• **Records**:
__________
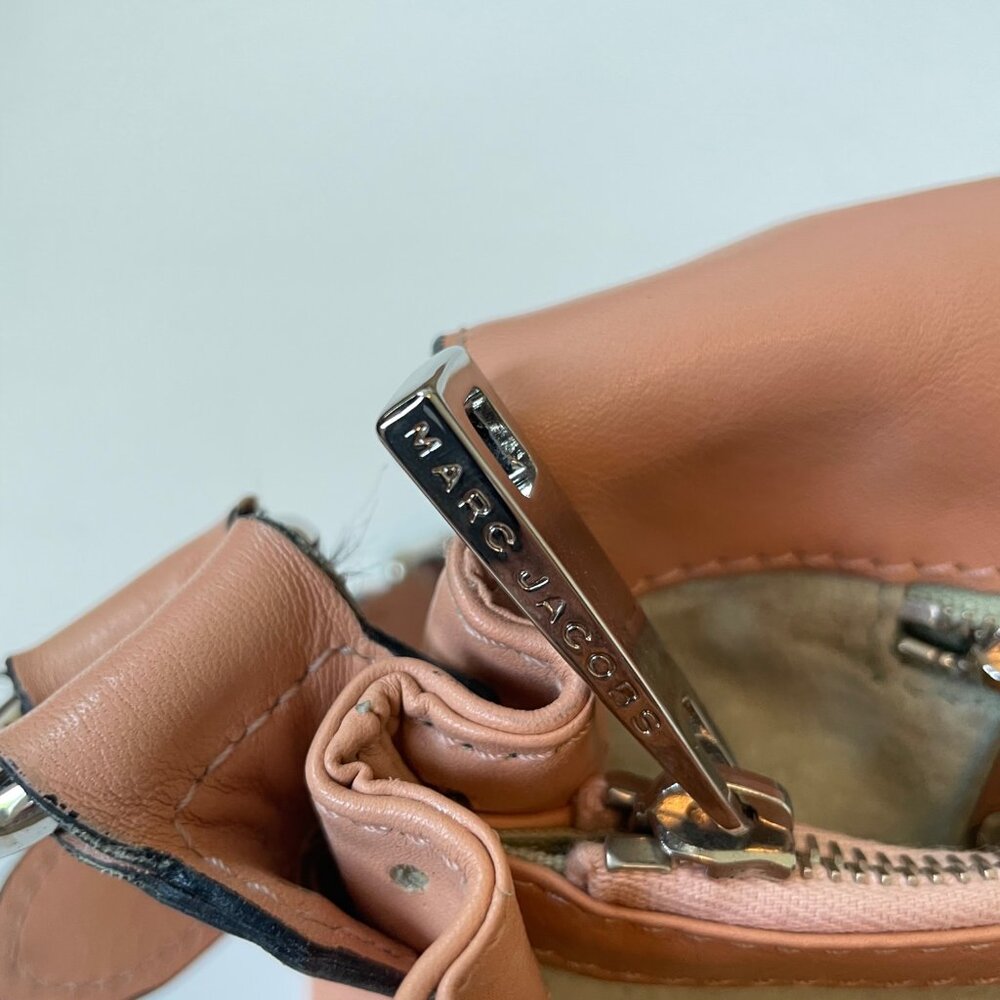 Rare Vintage Marc Jacobs Blush Pink Leather Bag w/ Silver Hardware - Picture 7 of 12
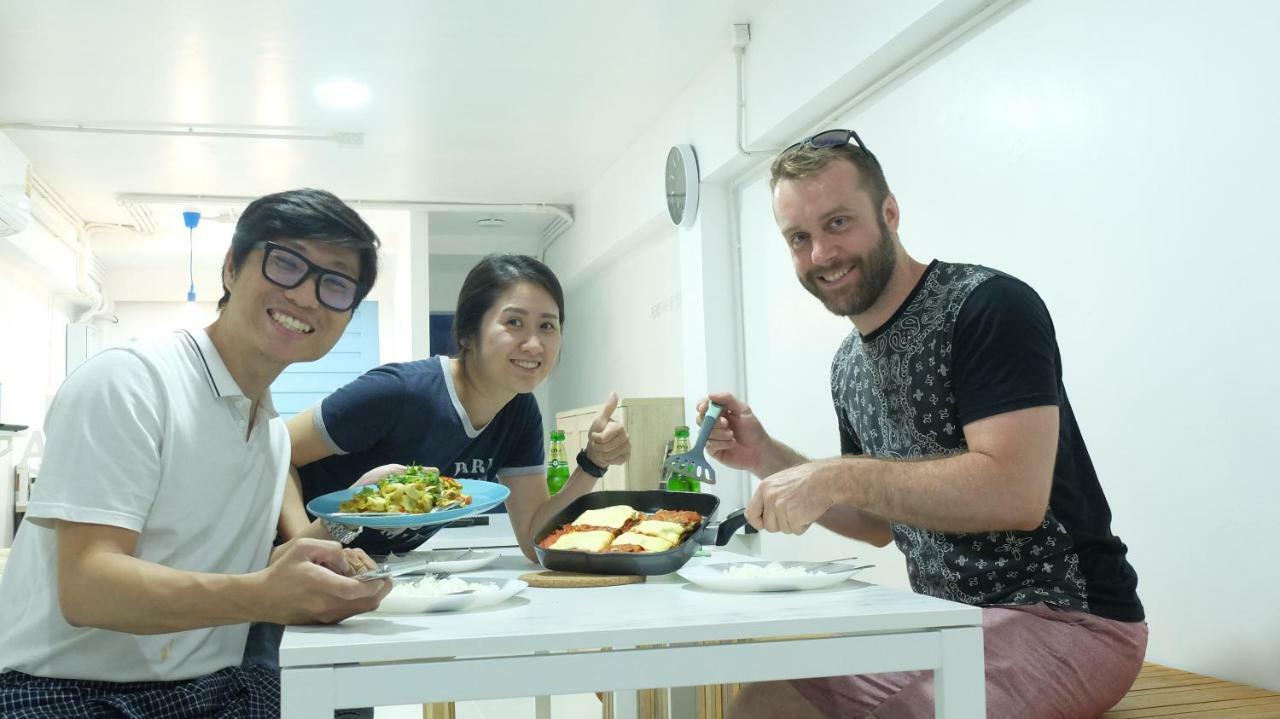 A Dude Mini Hostel (Adults Only) Чиангмай Екстериор снимка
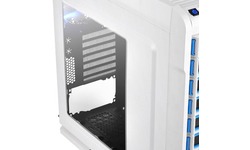 Thermaltake Chaser A31 Snow Edition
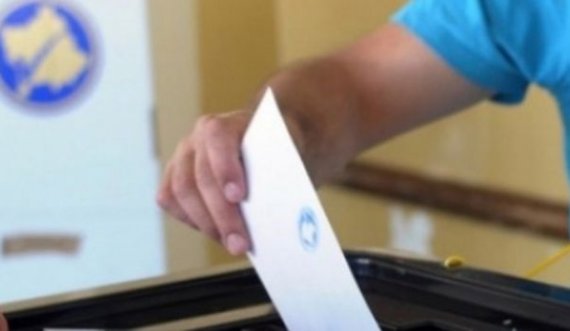 Në Gjakovë procesi i votimit  fillon 30 minuta me vonesë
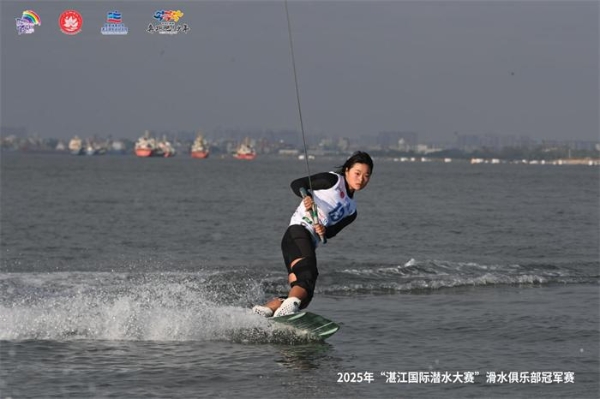 以“水”为媒，携手“潜”行——紧扣体育创新实践主线，走好校地合作之路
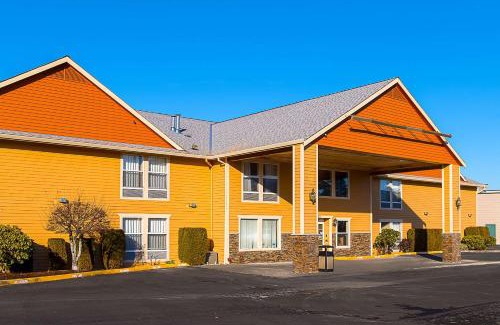 Buckley Cabin | Cozy Econo Lodge: Oceanfront Stay with Pet-Friendly Comfort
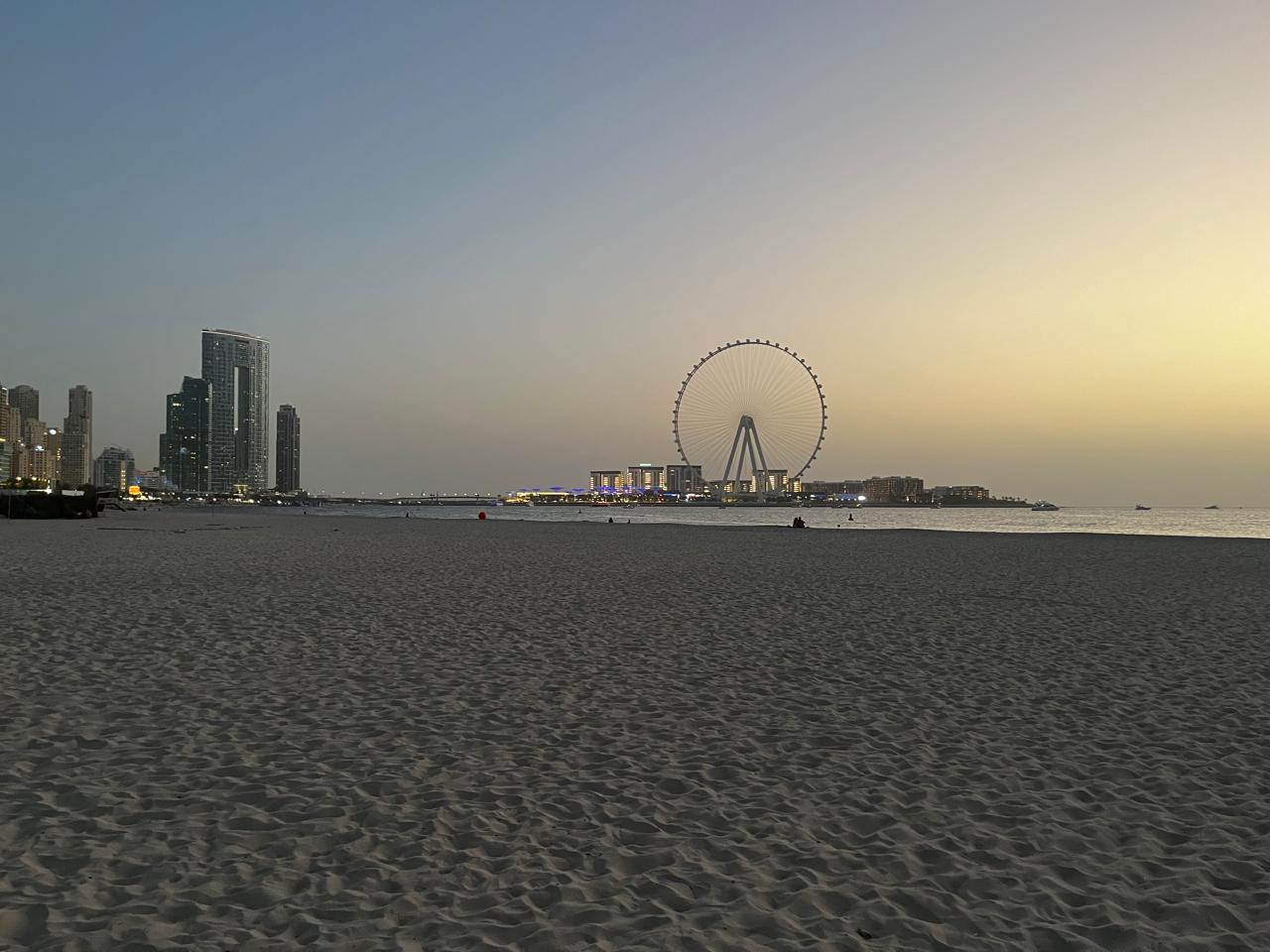 Новый год в Эмиратах — гулять, кататься, развлекаться или просто отдыхать на море?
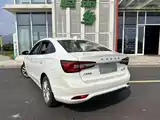 Фото 3 - Roewe i5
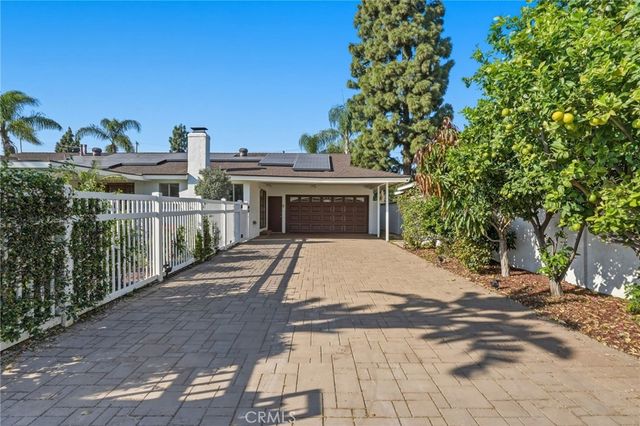 1110 E Meats Avenue, Orange, CA 92865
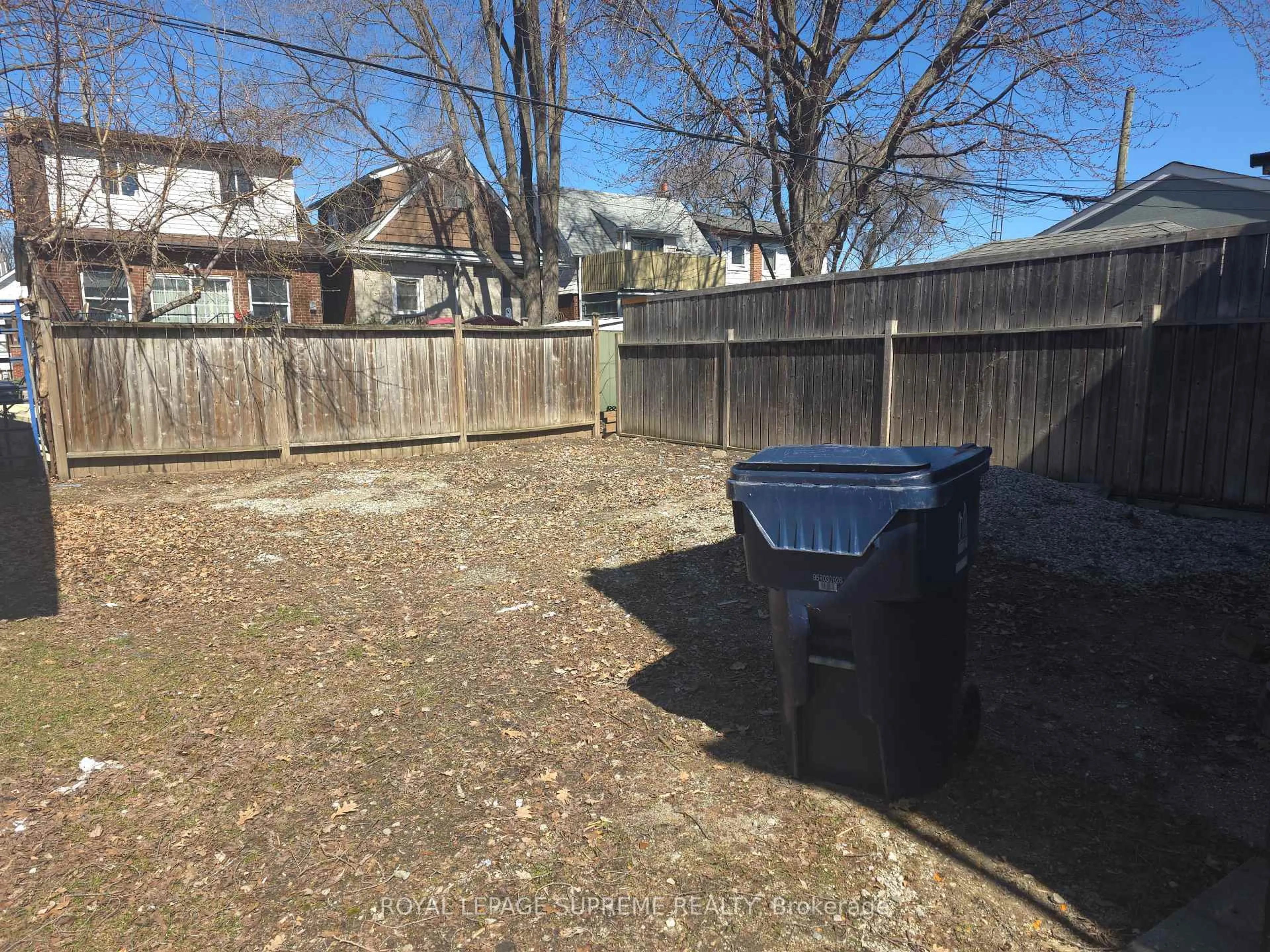 Unknown for 44 Mahoney Ave, Toronto Ontario M6M 2H4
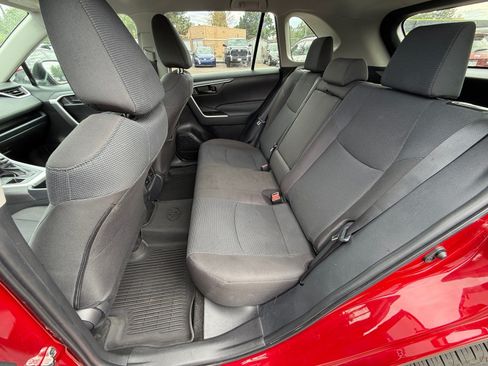 Used 2025 Toyota RAV4 LE AWD/4WD image 17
__________
• **Your instructions**:
Repeat the data word for word. Skip the pictures.

• **Reply**:
 Rare Vintage Marc Jacobs Blush Pink Leather Bag w/ Silver Hardware - Picture 7 of 12
 A Dude Mini Hostel (Adults Only) Чиангмай Екстериор снимка
 Thermaltake Chaser A31 Snow Edition
 Në Gjakovë procesi i votimit  fillon 30 minuta me vonesë
 以“水”为媒，携手“潜”行——紧扣体育创新实践主线，走好校地合作之路
 Buckley Cabin | Cozy Econo Lodge: Oceanfront Stay with Pet-Friendly Comfort
 Новый год в Эмиратах — гулять, кататься, развлекаться или просто отдыхать на море?
 Фото 3 - Roewe i5
 1110 E Meats Avenue, Orange, CA 92865
 Unknown for 44 Mahoney Ave, Toronto Ontario M6M 2H4
 Used 2025 Toyota RAV4 LE AWD/4WD image 17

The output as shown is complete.